Local artist Chiang Wai Lan has opened her fourth solo exhibition at the UNESCO Centre of Macao, exhibiting 45 pieces or sets of her paintings.
The exhibition will run until February 13.
Chiang is the 16th artist to exhibit under the Macao Foundation’s (FM) Macao Young Artist Promotion Project.
She hopes to share society’s delicate emotional stories with the public through her exhibited works that resemble fairy tales. In her speech, she said “fairy tales”, as a tangible image of happiness, imply a variety of intertwined memories, hopes and desires.
In recent years, she has held two different solo exhibitions in Macau and South Korea with the titles “Once Upon A Time” and “Fairy Tale Specimen” respectively. Through the creation of concrete narratives, she conveys memories and happiness via fairy tales, placing them in binary opposition but separated by a line, or displaying them in a showroom set to be admired.

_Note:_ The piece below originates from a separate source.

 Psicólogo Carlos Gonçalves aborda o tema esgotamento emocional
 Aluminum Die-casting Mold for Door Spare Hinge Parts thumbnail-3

This exhibition, entitled “Fairy Tell”, continues this formational direction. It uses artistic creations to depict forgotten moments and the purity and beauty in life. It explores how these stories were conceived at a certain time, conveying them via a visual narrative contrasting illusion and reality, imagination and memory, as well as sweetness and bitterness.
There are many artistic platforms for exhibitions in Macau, and there is still room for expansion in the commercial art market in Macau, Chiang said on the sidelines of the exhibition’s opening ceremony.
She believes the FM’s Young Artist Promotion Project will provide new avenues for discovery and promotion and resources for artists. By collecting the works of young artists, it will further promote the creative power and presence of young artists in Macau to the Greater Bay Area and the world. In this way, she thinks the project will help foster the development of the arts in Macau.
There are five themes in this exhibition, namely “Stories of…”, “Seek and Find”, “Home: Scenic Ballad”, “Seeing Flowers” and “Rhythmic Movements”. The first theme is both a recollection of Chiang’s previously explored themes and the preamble for new themes she sees as new chapters. The rest, on the other hand, are independent yet interconnected chapters, which exist together as an indivisible whole in this exhibition.
According to the artist, in this fourth solo exhibition, Chiang re-examines and digests past creations, turning them into fodder for the future of her life.
Those emotional stories she considers the most subtle and delicate are presented in this exhibition, perceived as fairy tales.
At the opening of the exhibition, the FM explained the National Arts Fund supports the Macao Young Artist Promotion Project, and projects applying for subsidies will be vetted alongside the national fund. The FM said it would help ensure high standards and quality.